§ Source records:
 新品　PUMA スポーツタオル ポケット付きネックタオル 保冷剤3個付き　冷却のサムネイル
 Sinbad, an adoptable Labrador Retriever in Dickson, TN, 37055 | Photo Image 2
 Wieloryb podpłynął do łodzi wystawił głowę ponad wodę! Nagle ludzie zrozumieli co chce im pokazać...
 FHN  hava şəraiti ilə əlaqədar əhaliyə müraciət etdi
...
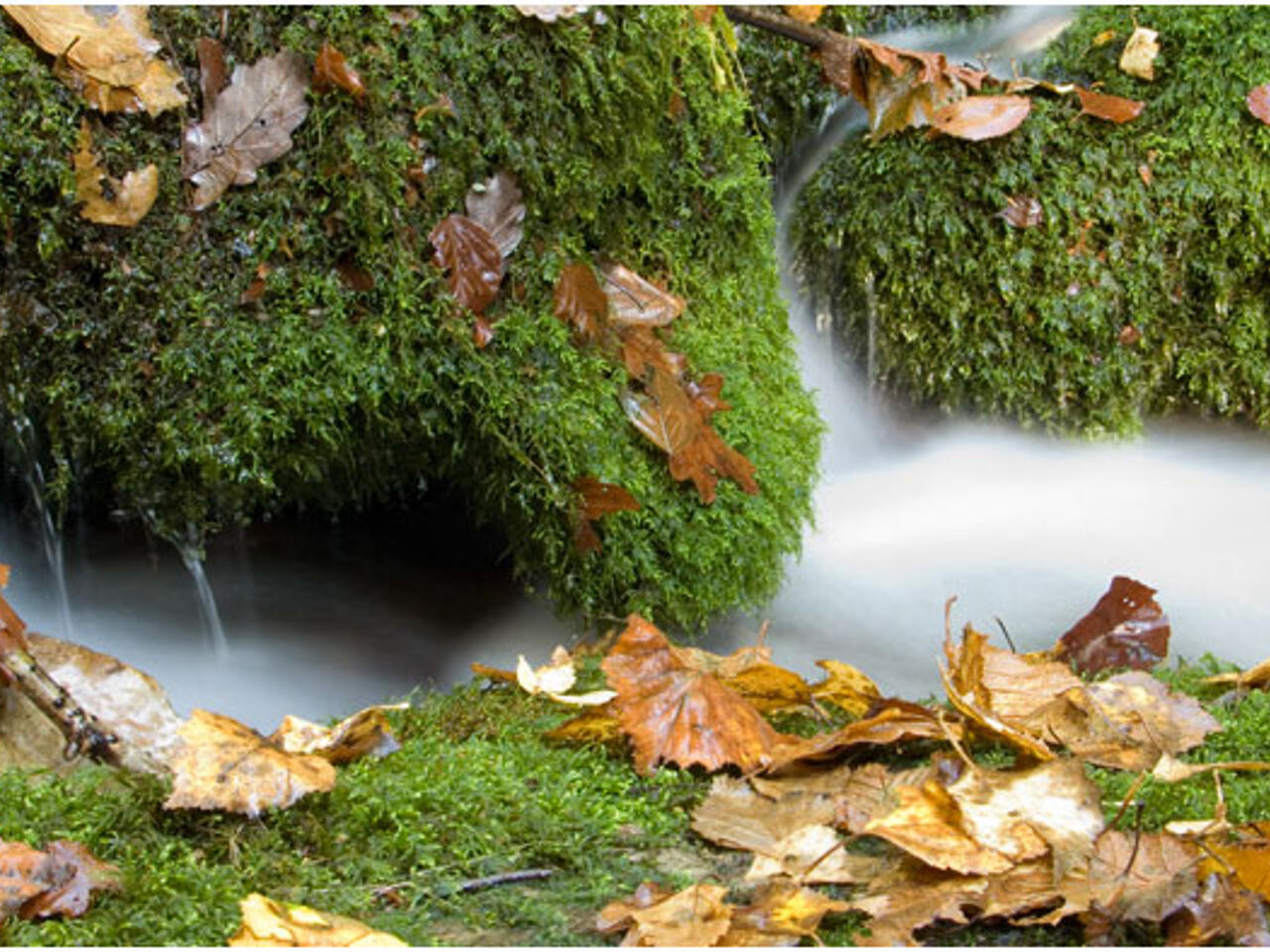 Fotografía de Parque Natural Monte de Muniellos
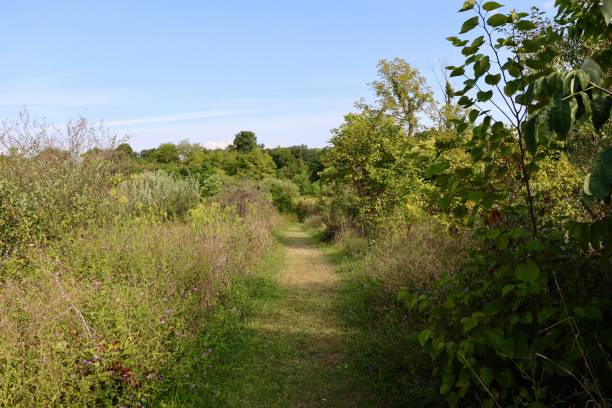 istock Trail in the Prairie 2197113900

§ Task goal: Your answer must consist solely of the lines above between the line holding "Wieloryb podpłynął do" and the line holding "əlaqədar əhaliyə müraciət etdi", inclusive, copied exactly.

§ Solution to this task:
 Wieloryb podpłynął do łodzi wystawił głowę ponad wodę! Nagle ludzie zrozumieli co chce im pokazać...
 FHN  hava şəraiti ilə əlaqədar əhaliyə müraciət etdi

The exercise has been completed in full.